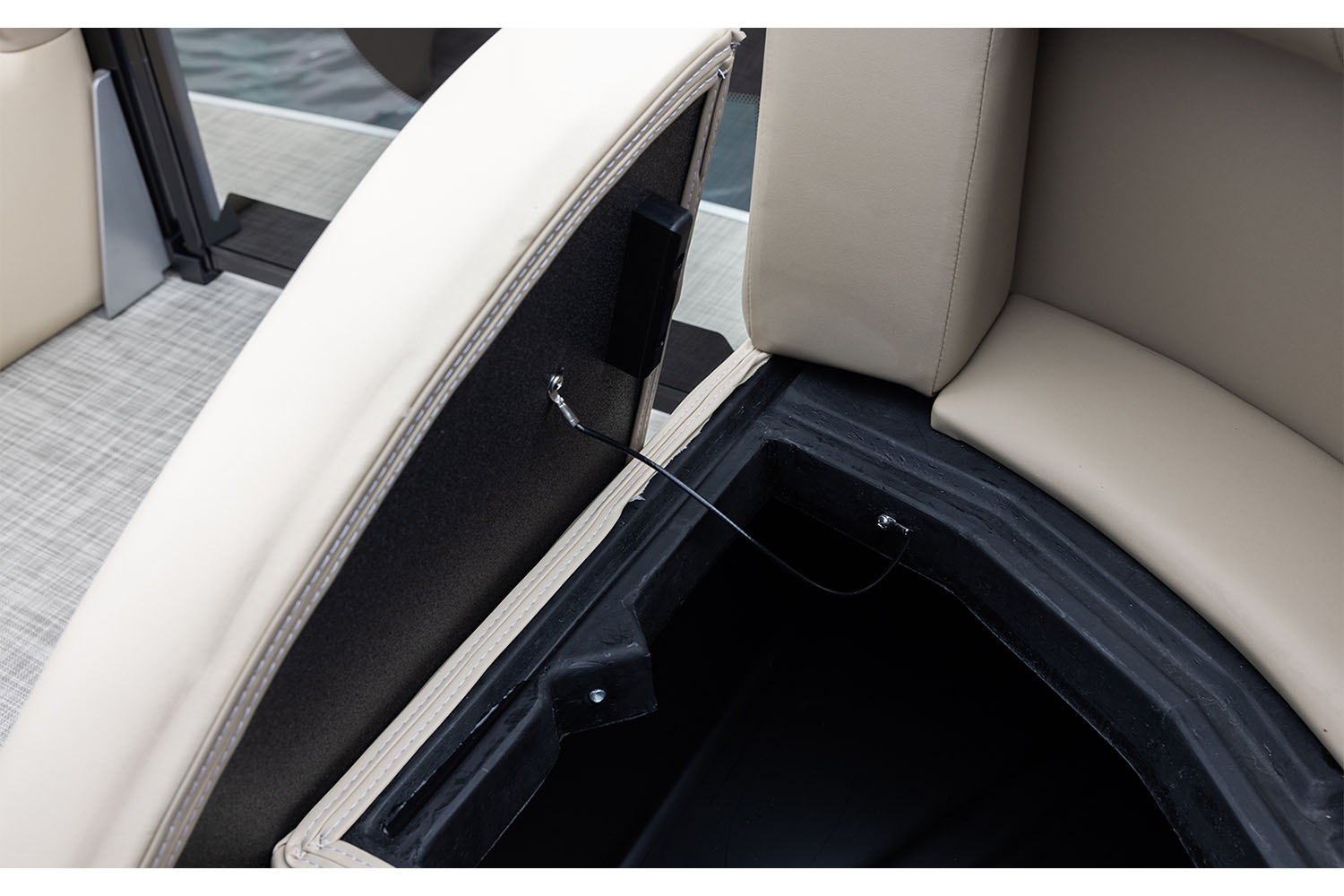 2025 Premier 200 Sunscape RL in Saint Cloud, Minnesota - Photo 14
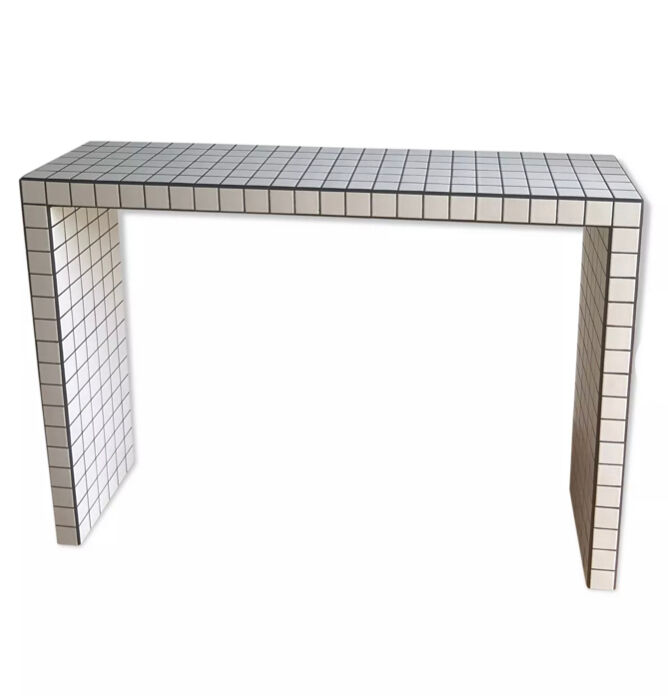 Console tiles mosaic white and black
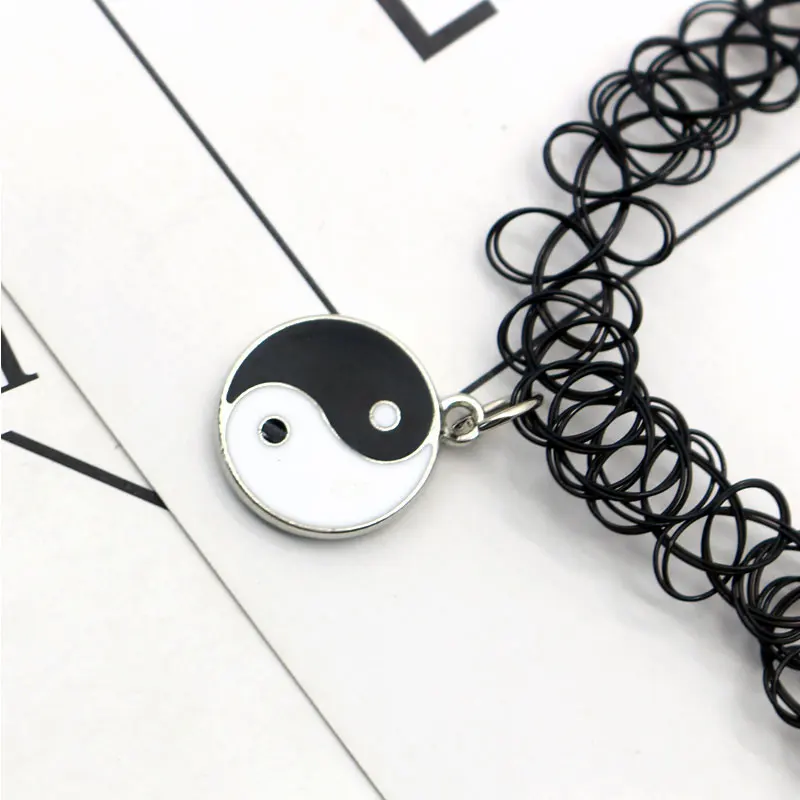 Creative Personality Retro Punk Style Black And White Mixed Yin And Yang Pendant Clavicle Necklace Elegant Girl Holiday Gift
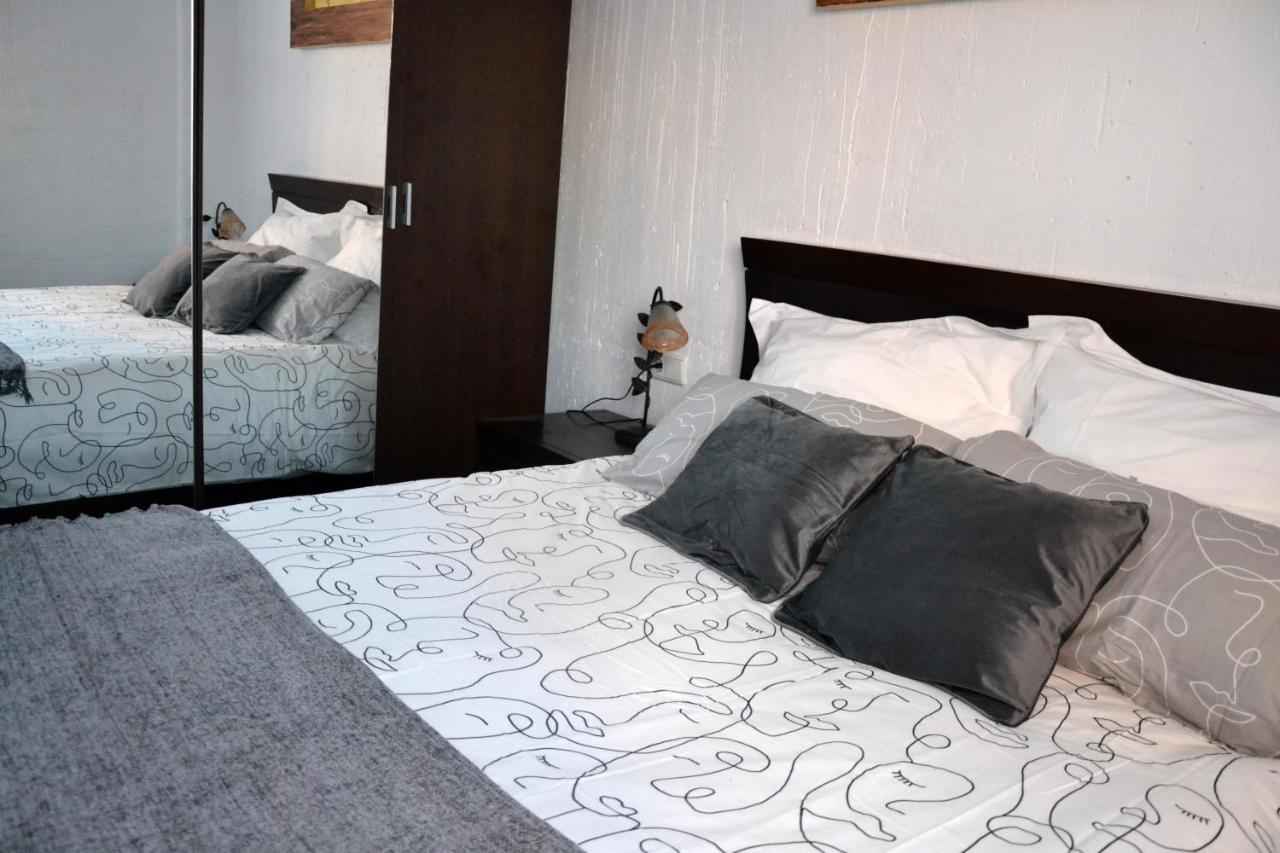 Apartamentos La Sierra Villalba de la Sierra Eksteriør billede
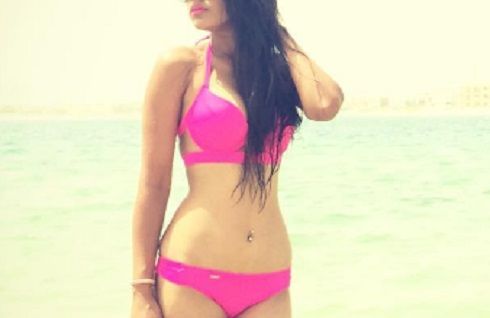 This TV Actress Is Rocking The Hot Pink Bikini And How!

◆ **EXERCISE OBJECTIVE**:
Without including any image, reproduce the full listing above as written.

◆ **TASK SOLUTION**:
 2025 Premier 200 Sunscape RL in Saint Cloud, Minnesota - Photo 14
 Console tiles mosaic white and black
 Creative Personality Retro Punk Style Black And White Mixed Yin And Yang Pendant Clavicle Necklace Elegant Girl Holiday Gift
 Apartamentos La Sierra Villalba de la Sierra Eksteriør billede
 This TV Actress Is Rocking The Hot Pink Bikini And How!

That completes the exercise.